━━ Provided records ━━

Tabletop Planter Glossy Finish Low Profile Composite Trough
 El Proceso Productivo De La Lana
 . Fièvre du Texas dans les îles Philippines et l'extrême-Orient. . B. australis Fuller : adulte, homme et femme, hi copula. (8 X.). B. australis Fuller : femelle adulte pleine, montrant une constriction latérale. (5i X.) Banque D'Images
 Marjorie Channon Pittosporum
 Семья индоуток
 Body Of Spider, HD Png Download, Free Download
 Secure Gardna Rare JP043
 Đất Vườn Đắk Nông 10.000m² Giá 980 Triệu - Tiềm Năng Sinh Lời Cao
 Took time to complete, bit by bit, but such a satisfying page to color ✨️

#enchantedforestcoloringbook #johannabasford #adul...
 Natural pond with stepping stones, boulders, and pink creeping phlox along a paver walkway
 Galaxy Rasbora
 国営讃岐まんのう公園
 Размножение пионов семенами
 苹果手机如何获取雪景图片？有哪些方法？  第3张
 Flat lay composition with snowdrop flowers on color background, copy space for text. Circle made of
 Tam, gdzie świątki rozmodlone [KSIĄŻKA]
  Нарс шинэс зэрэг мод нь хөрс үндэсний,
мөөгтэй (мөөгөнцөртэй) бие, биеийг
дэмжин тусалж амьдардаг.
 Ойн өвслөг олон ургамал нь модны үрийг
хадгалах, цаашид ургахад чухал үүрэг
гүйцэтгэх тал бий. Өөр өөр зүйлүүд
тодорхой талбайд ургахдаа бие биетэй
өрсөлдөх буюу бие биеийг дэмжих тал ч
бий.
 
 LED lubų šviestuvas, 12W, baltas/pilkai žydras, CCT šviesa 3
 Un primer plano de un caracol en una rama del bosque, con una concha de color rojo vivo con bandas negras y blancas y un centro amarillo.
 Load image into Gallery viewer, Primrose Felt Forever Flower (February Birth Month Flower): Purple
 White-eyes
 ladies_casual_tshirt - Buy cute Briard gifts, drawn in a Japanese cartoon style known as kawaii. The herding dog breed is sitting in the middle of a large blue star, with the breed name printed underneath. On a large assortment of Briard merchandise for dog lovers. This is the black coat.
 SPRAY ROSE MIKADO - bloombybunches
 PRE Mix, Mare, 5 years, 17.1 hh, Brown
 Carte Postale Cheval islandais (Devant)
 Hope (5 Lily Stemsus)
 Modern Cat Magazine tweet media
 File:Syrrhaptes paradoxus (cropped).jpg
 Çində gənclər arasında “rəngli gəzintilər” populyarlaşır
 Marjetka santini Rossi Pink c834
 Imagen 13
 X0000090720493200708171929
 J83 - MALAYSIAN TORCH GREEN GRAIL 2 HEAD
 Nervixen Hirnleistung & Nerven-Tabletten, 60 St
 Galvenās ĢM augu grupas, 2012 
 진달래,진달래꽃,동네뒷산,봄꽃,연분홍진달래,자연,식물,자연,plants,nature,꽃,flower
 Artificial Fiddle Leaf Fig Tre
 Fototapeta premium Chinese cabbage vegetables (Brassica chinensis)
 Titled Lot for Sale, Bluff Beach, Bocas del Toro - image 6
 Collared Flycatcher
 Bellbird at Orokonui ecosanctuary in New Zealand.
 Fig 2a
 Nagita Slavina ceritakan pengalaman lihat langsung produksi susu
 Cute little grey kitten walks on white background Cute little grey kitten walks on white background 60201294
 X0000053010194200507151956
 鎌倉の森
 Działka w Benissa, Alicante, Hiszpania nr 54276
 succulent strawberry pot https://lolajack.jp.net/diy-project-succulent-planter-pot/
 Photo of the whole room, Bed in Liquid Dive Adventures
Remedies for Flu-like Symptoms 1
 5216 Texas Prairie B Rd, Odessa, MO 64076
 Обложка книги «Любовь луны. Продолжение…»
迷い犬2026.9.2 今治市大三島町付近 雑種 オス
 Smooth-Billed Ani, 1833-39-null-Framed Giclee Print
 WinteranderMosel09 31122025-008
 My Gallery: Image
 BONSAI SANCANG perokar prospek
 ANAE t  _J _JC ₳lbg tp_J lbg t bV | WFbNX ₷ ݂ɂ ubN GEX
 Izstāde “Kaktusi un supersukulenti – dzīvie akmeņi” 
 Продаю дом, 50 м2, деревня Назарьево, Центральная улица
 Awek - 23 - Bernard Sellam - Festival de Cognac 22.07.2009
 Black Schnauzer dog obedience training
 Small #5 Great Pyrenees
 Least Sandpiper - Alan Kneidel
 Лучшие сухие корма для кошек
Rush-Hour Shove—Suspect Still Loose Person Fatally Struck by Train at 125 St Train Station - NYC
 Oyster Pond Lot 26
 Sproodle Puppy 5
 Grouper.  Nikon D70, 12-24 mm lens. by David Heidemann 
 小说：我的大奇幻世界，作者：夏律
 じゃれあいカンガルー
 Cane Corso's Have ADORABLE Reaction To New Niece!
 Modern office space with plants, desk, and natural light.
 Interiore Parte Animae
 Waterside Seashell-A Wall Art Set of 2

━━━

Prompt :: Exactness is what counts here: write out every record again.

Your solution ::
Tabletop Planter Glossy Finish Low Profile Composite Trough
 El Proceso Productivo De La Lana
 . Fièvre du Texas dans les îles Philippines et l'extrême-Orient. . B. australis Fuller : adulte, homme et femme, hi copula. (8 X.). B. australis Fuller : femelle adulte pleine, montrant une constriction latérale. (5i X.) Banque D'Images
 Marjorie Channon Pittosporum
 Семья индоуток
 Body Of Spider, HD Png Download, Free Download
 Secure Gardna Rare JP043
 Đất Vườn Đắk Nông 10.000m² Giá 980 Triệu - Tiềm Năng Sinh Lời Cao
 Took time to complete, bit by bit, but such a satisfying page to color ✨️

#enchantedforestcoloringbook #johannabasford #adul...
 Natural pond with stepping stones, boulders, and pink creeping phlox along a paver walkway
 Galaxy Rasbora
 国営讃岐まんのう公園
 Размножение пионов семенами
 苹果手机如何获取雪景图片？有哪些方法？  第3张
 Flat lay composition with snowdrop flowers on color background, copy space for text. Circle made of
 Tam, gdzie świątki rozmodlone [KSIĄŻKA]
  Нарс шинэс зэрэг мод нь хөрс үндэсний,
мөөгтэй (мөөгөнцөртэй) бие, биеийг
дэмжин тусалж амьдардаг.
 Ойн өвслөг олон ургамал нь модны үрийг
хадгалах, цаашид ургахад чухал үүрэг
гүйцэтгэх тал бий. Өөр өөр зүйлүүд
тодорхой талбайд ургахдаа бие биетэй
өрсөлдөх буюу бие биеийг дэмжих тал ч
бий.
 
 LED lubų šviestuvas, 12W, baltas/pilkai žydras, CCT šviesa 3
 Un primer plano de un caracol en una rama del bosque, con una concha de color rojo vivo con bandas negras y blancas y un centro amarillo.
 Load image into Gallery viewer, Primrose Felt Forever Flower (February Birth Month Flower): Purple
 White-eyes
 ladies_casual_tshirt - Buy cute Briard gifts, drawn in a Japanese cartoon style known as kawaii. The herding dog breed is sitting in the middle of a large blue star, with the breed name printed underneath. On a large assortment of Briard merchandise for dog lovers. This is the black coat.
 SPRAY ROSE MIKADO - bloombybunches
 PRE Mix, Mare, 5 years, 17.1 hh, Brown
 Carte Postale Cheval islandais (Devant)
 Hope (5 Lily Stemsus)
 Modern Cat Magazine tweet media
 File:Syrrhaptes paradoxus (cropped).jpg
 Çində gənclər arasında “rəngli gəzintilər” populyarlaşır
 Marjetka santini Rossi Pink c834
 Imagen 13
 X0000090720493200708171929
 J83 - MALAYSIAN TORCH GREEN GRAIL 2 HEAD
 Nervixen Hirnleistung & Nerven-Tabletten, 60 St
 Galvenās ĢM augu grupas, 2012 
 진달래,진달래꽃,동네뒷산,봄꽃,연분홍진달래,자연,식물,자연,plants,nature,꽃,flower
 Artificial Fiddle Leaf Fig Tre
 Fototapeta premium Chinese cabbage vegetables (Brassica chinensis)
 Titled Lot for Sale, Bluff Beach, Bocas del Toro - image 6
 Collared Flycatcher
 Bellbird at Orokonui ecosanctuary in New Zealand.
 Fig 2a
 Nagita Slavina ceritakan pengalaman lihat langsung produksi susu
 Cute little grey kitten walks on white background Cute little grey kitten walks on white background 60201294
 X0000053010194200507151956
 鎌倉の森
 Działka w Benissa, Alicante, Hiszpania nr 54276
 succulent strawberry pot https://lolajack.jp.net/diy-project-succulent-planter-pot/
 Photo of the whole room, Bed in Liquid Dive Adventures
Remedies for Flu-like Symptoms 1
 5216 Texas Prairie B Rd, Odessa, MO 64076
 Обложка книги «Любовь луны. Продолжение…»
迷い犬2026.9.2 今治市大三島町付近 雑種 オス
 Smooth-Billed Ani, 1833-39-null-Framed Giclee Print
 WinteranderMosel09 31122025-008
 My Gallery: Image
 BONSAI SANCANG perokar prospek
 ANAE t  _J _JC ₳lbg tp_J lbg t bV | WFbNX ₷ ݂ɂ ubN GEX
 Izstāde “Kaktusi un supersukulenti – dzīvie akmeņi” 
 Продаю дом, 50 м2, деревня Назарьево, Центральная улица
 Awek - 23 - Bernard Sellam - Festival de Cognac 22.07.2009
 Black Schnauzer dog obedience training
 Small #5 Great Pyrenees
 Least Sandpiper - Alan Kneidel
 Лучшие сухие корма для кошек
Rush-Hour Shove—Suspect Still Loose Person Fatally Struck by Train at 125 St Train Station - NYC
 Oyster Pond Lot 26
 Sproodle Puppy 5
 Grouper.  Nikon D70, 12-24 mm lens. by David Heidemann 
 小说：我的大奇幻世界，作者：夏律
 じゃれあいカンガルー
 Cane Corso's Have ADORABLE Reaction To New Niece!
 Modern office space with plants, desk, and natural light.
 Interiore Parte Animae
 Waterside Seashell-A Wall Art Set of 2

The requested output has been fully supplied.